Brain Tumor Patient Calculates Simple Math Problems during Awake Craniotomy

Mahesh Dixit (Name Changed) teacher by profession 56 Years old, suffering from neurodisorder underwent a unique surgery called awake craniotomy. This brain surgery was performed to treat brain tumors close to highly functional brain areas like motor/ language area. The surgery is also the treatment of choice for some neurological conditions including epileptic seizures. Performing these surgeries under routine anesthesia risks permanent damage to these areas due to surgical handling and patients waking up with neurodeficits like speech problems/ hemiparesis.

Jupiter Hospital, recently performed a similar procedure successfully on a patient- teacher by profession with a left temporo-parietal brain tumor, very close to language reception area (Wernicke’s area).

The patient was cooperative and agreed for awake craniotomy after having learnt about the risks involved in routine surgery.

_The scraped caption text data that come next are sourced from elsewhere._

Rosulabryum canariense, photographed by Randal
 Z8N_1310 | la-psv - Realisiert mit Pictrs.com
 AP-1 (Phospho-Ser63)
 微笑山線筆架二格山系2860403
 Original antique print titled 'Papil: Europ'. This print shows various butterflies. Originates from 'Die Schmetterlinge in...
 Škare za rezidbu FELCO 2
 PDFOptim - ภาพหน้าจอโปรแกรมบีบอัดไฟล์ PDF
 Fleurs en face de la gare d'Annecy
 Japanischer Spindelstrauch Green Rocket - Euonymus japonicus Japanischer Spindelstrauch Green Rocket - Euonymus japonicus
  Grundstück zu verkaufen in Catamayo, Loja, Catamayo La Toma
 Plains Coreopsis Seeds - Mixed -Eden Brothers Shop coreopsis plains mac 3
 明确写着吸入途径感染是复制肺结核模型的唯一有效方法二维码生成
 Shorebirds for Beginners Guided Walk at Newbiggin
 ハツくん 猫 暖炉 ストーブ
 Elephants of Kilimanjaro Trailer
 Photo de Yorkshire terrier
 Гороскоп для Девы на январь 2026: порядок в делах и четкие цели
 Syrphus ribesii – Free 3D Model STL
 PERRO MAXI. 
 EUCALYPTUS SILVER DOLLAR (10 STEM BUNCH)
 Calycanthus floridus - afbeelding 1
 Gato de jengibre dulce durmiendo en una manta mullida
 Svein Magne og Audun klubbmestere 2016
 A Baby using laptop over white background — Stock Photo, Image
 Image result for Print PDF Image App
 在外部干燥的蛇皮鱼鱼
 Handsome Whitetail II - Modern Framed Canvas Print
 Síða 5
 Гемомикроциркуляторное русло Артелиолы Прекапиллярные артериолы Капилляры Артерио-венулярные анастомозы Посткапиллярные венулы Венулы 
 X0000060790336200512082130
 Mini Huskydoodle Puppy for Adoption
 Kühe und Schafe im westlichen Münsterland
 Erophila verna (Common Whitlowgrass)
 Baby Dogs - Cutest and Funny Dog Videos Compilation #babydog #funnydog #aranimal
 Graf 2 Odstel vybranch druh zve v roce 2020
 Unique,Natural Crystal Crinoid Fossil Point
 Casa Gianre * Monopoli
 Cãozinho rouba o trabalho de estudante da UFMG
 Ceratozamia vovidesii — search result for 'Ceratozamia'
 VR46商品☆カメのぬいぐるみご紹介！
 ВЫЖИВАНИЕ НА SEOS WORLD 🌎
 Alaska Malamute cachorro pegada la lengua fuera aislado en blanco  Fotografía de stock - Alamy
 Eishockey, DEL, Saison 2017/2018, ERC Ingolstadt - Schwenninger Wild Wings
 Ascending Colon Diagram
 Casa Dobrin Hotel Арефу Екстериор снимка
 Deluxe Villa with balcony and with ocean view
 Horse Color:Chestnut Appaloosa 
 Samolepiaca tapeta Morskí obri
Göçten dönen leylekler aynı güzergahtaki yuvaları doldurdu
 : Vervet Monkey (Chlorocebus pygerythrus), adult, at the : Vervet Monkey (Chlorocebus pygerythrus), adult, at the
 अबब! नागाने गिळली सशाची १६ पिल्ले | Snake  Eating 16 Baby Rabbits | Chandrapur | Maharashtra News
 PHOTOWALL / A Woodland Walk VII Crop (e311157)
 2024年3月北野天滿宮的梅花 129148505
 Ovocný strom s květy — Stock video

Navigation guided surgery under continuous neuro monitoring was carried out by team of doctors including – neurosurgeon- Dr. Dhakoji,a nesthetist- Dr. Anmol, Dr. Bhagyashree, speech therapist- and electrophysiologist.

“The crucial language areas responsible for comprehension of spoken words, calculations, and identifying objects were painstakingly identified by asking a set of questions to the patient as well as stimulating his brain simultaneously with a bipolar stimulator,” said Dr. Amit Dhakoji who has over 13 years of experience in performing such high-end brain surgeries.

If we reach very close to these areas and patient starts having difficulty, surgery can be stopped and continued after few minutes or at a different site, he further added.Thus, the concept of “maximal safe resection”, without harming the patient can be realized using awake craniotomy.

The surgery was delicately planned to the last detail through the language negative areas of the brain with continuous monitoring of language function during the entire procedure. Maximal possible resection of tumor was accomplished during surgery.

On 3rd postoperative day, patient experienced difficulty in speaking and calculating simple mathwhich was attributed to post-operative edema. However, the difficulty subsided with a short course of steroids and was followed by discharge on 6th post-operative day. On his last follow-up, the patient didn’t have any such difficulties and was recovering as per plan.

Jupiter Hospital is proud to perform such a high-end surgery and dedicates its success to the entire team, an educated and co-operative patient in addition to the state-of-the-art OT setup available at the Hospital.